After dinner we sat on a bench in a little park full of people and beneath a branching cast-iron street lamp a small wave of euphoria broke over me. Teresa let herself be kissed for a while and then we took a cab back to the outskirts of El Barrio Gótico and walked to our hotel and I thought we might make love. Instead we smoked another spliff on the balcony and I asked her how she learned Catalan. She said she had lived in Barcelona at various points, said it as if she were very old; Arturo had told me she was twenty-seven; she looked older and younger than her age in shifts. I said I would like to have a drink and we left again and after ten minutes or so we descended a few stairs into a bar that felt like a cave, cool and dark. We seated ourselves in green leather chairs in a corner around a little table that seemed to be made of petrified wood. A woman with an array of facial piercings appeared at our table and we ordered our drinks. Teresa asked me if I had seen the Antonioni movie partially set in Barcelona, The Passenger, and, lying, I said of course. She said I had his eyebrows, Jack Nicholson, that I called on my eyebrows to do important work, that if she were deaf she would read my eyebrows, not my lips.
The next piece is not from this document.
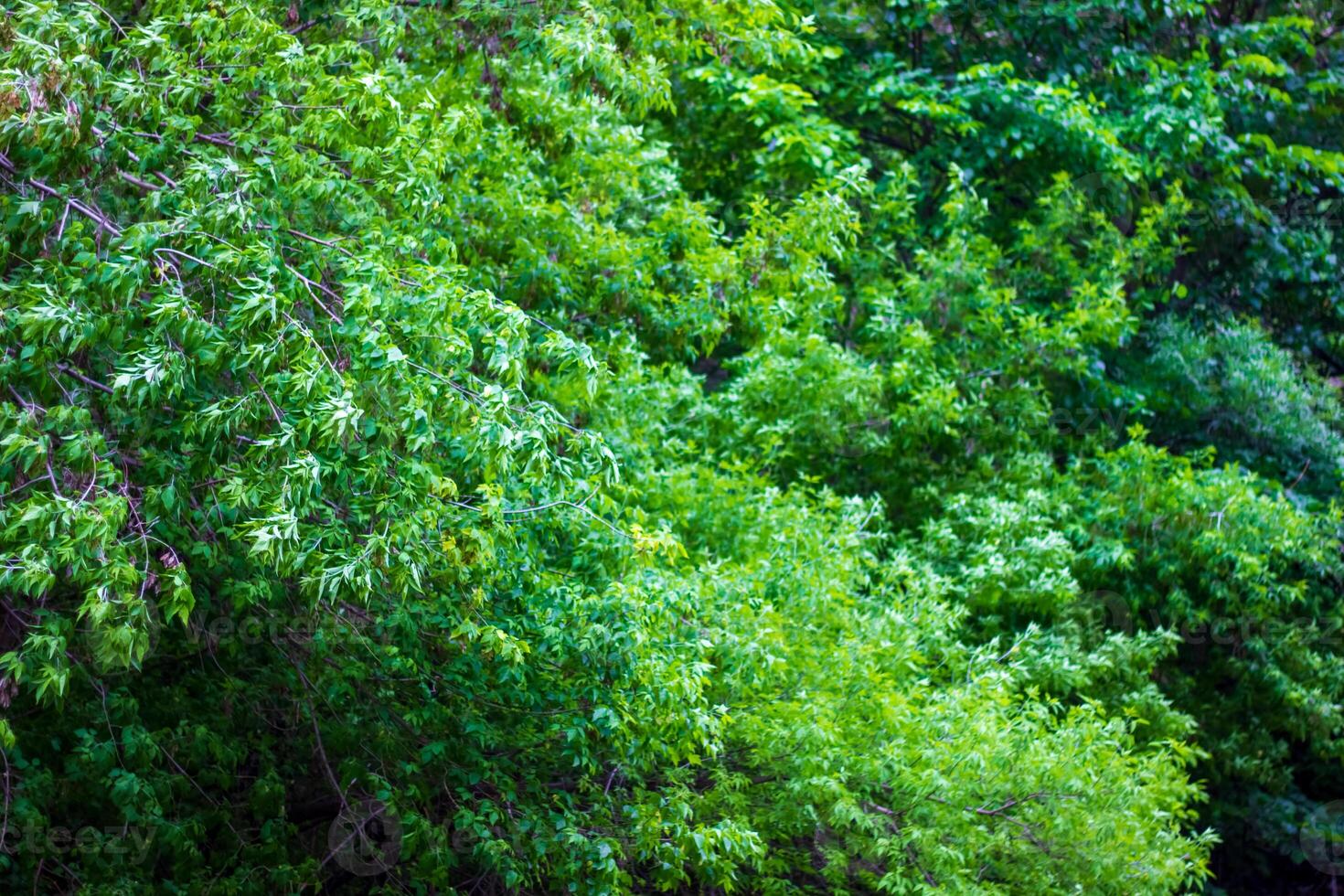 Grün Natur, Frühling Landschaft foto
I said she was simply describing the personality of the translator, but I said it in my head. She said Arturo always claimed she looked like Maria Schneider, whom I knew from Last Tango in Paris, which I hated, and I could see what Arturo meant. I wondered what Maria Schneider’s relationship to Jack Nicholson was in The Passenger, what kind of statement Teresa was making about our relationship, and based on the Antonioni films I knew, I guessed it was unflattering.